Ran Blake 80th Birthday Tribute
November 13 at 8 p.m.
Jordan Hall, Boston, MA

The great pianist, composer, and pioneering Third Stream conceptualizer and teacher gets the full treatment from faculty and students at the institution he’s called home for more than four decades, New England Conservatory. Past Blake students like saxophonist Ricky Ford and bassist Leon “Boots” Maleson join the party, and you can expect Blake himself to take the stage for a number or two, including a song with vocalist Dominique Eade. A bonus: on Sunday, November 15, at 11 a.m., in NEC’s Pierce Hall, NEC colleague Hankus Netsky convenes a panel of writers and musicians for a symposium on Blake’s music.

Garrison Fewell

The late guitarist, composer, educator, and author—Garrison Fewell. Photo: Elio Buonocore.

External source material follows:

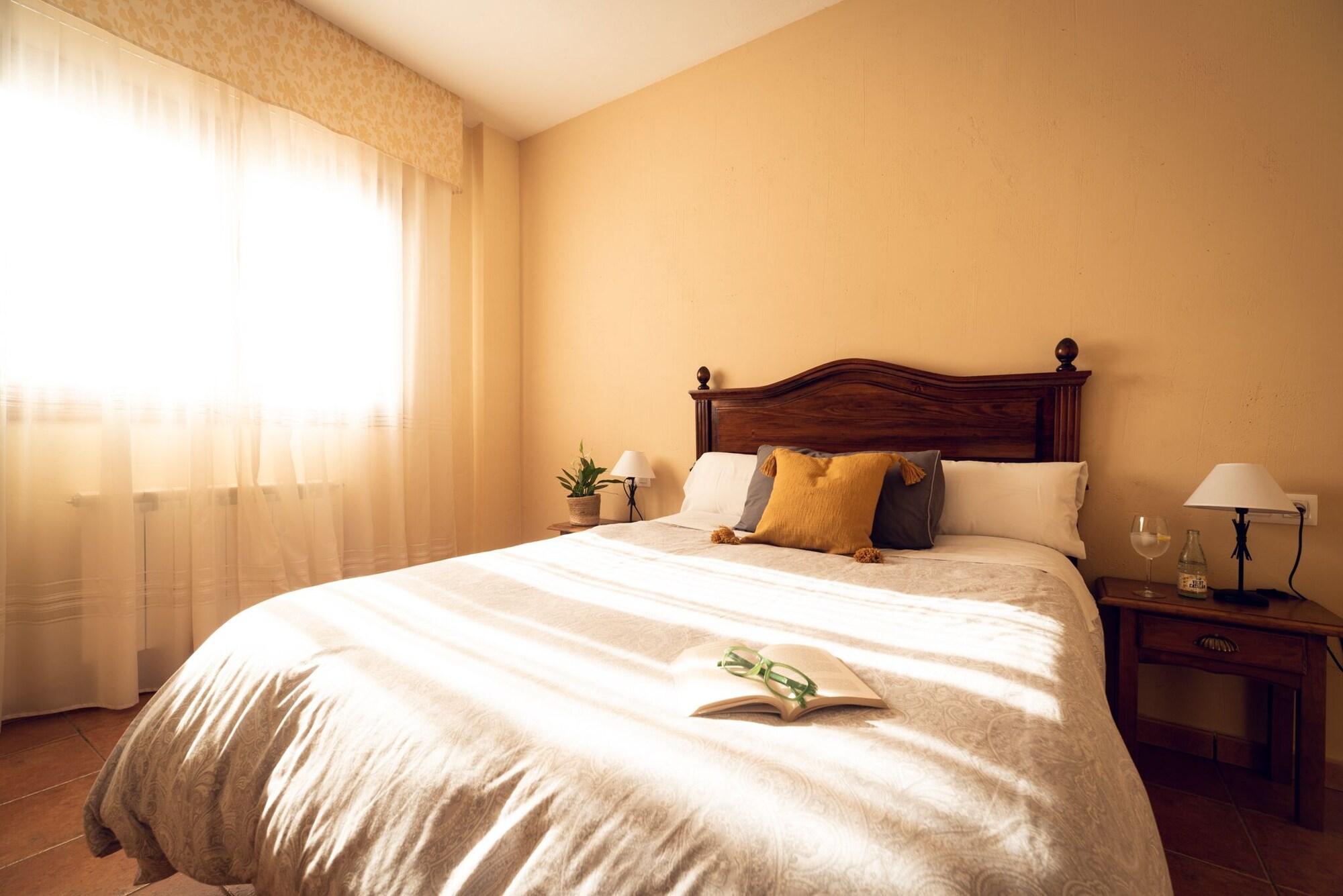 Hospedium Hostal Sierra Del Agua Paterna del Madera Ngoại thất bức ảnh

Invisible Resonance: The Music of Garrison Fewell
November 15, 4–6 p.m.
Killian Hall, MIT, Cambridge, MA

The guitarist, composer, and Berklee professor Garrison, who died last July of cancer at the age of 61, established his career with detailed, lyrical music more or less in the straigthahead Jim Hall mode and then, late in life, embraced free jazz, with playing and compositions that were no less lyrical and transparent. A group of Fewell friends and colleagues—including guitarist Eric Hofbauer, saxophonists Charlie Kohlhase and Jim Hobbs, and drummer Luther Gray—will attempt to encompass the entire Fewell legacy at MIT’s Killian Hall. Read a remembrance of Fewell on The Arts Fuse here.

Kris Adams Quintet
November 16 at 7:30 p.m.
Arsenal Center for the Arts, Waltham, MA

The accomplished singer Kris Adams comes to the nicely appointed Arsenal Center with a fine band: tenor saxophonist Rick DiMuzio, pianist Tim Ray, bassist Paul Del Nero, and drummer Bob Tamagni. Adams likes challenging arrangements and broad repertoire (Joni Mitchell, Norma Winstone, Abbey Lincoln, and her own setting of Steve Swallow’s “Wrong Together”), and she can really sing. What’s not to like?

—Jon Garelick


Theater

Steven Barkhimer, Debra Wise, Robert Najarian, and Han Nah Son (piano). Photo: A.R. Sinclair Photography.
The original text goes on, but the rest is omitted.